There are already a few of these with regards to SPEC2017, other benchmarks cover them such as TPC-C, PerfKitBenchmarker or SpecJBB.

This is why you can look at your workload, split it into different tasks (e.g. compression, decompression, code compile, search algorithms), profile your tasks to see how much time is spent on each part, then cross reference it to specific SPEC sub-scores and it will give you an excellent understanding of how a chip performs doing those tasks.

This is also why Intel themselves, when they release Xeon products, they release SPEC benchmarks:
https://www.intel.co.uk/content/www/uk/en/benchmarks/xeon-scalable-benchmark.html

AMD does the same:
https://www.amd.com/system/files/documents/amd-epyc-7002-scalemp-speccpu-performance-brief.pdf
https://www.amd.com/system/files/2018-03/AMD-SoC-Sets-World-Records-SPEC-CPU-2017.pdf

As no-nonsense as it ever gets.

Once you move on from industry-standard benchmarks to random application benchmarks, tests become more valuable (for purchasing decisions, you see benchmarks for the apps you use) and far less valuable for CPU comparisons, especially as you differ between platforms. These become whole-platform benchmarks, which again are valuable for purchasing decisions, far less for microarchitecture comparisons.

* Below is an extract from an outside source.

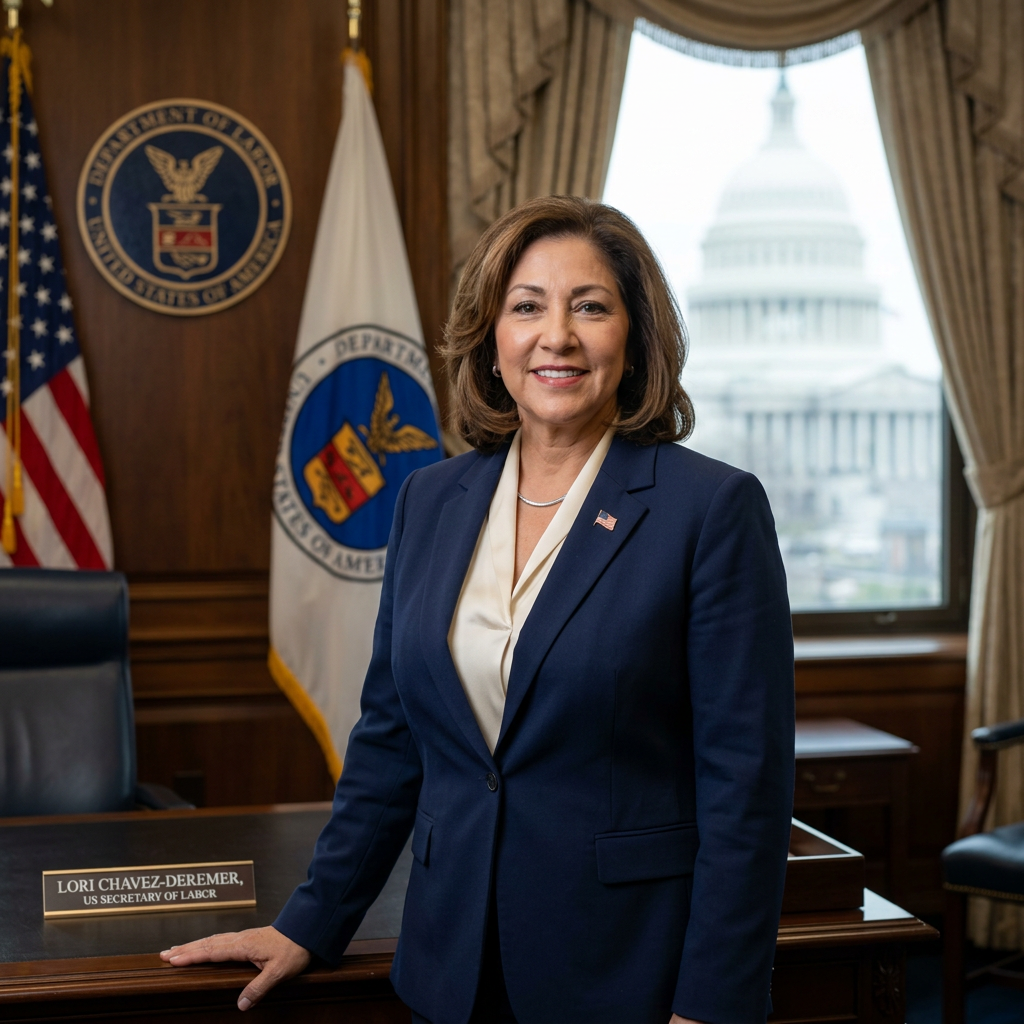 Lori Chavez-DeRemer standing in office with Department of Labor flags and US Capitol in background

Give me something you can't do with SPEC2017, you and I can each buy an M1 Ultra Mac

Give me something you can't do with SPEC2017, you and I can each buy an M1 Ultra Mac

I can think of some.

robfosters · 22 Mar 2022 at 11:42

If I’m reading some of those graphs right, does the M1 in my iPad seriously outperform the 3900X in my gaming PC?

humbug · 22 Mar 2022 at 11:45

robfosters said:
If I’m reading some of those graphs right, does the M1 in my iPad seriously outperform the 3900X in my gaming PC?

No, its a 100 Watt CPU, its not for iPads.

robfosters · 22 Mar 2022 at 11:48

humbug said:
No, its a 100 Watt CPU, its not for iPads.

So what’s the M1 in my iPad then? How is it different to the M1 in the graphs?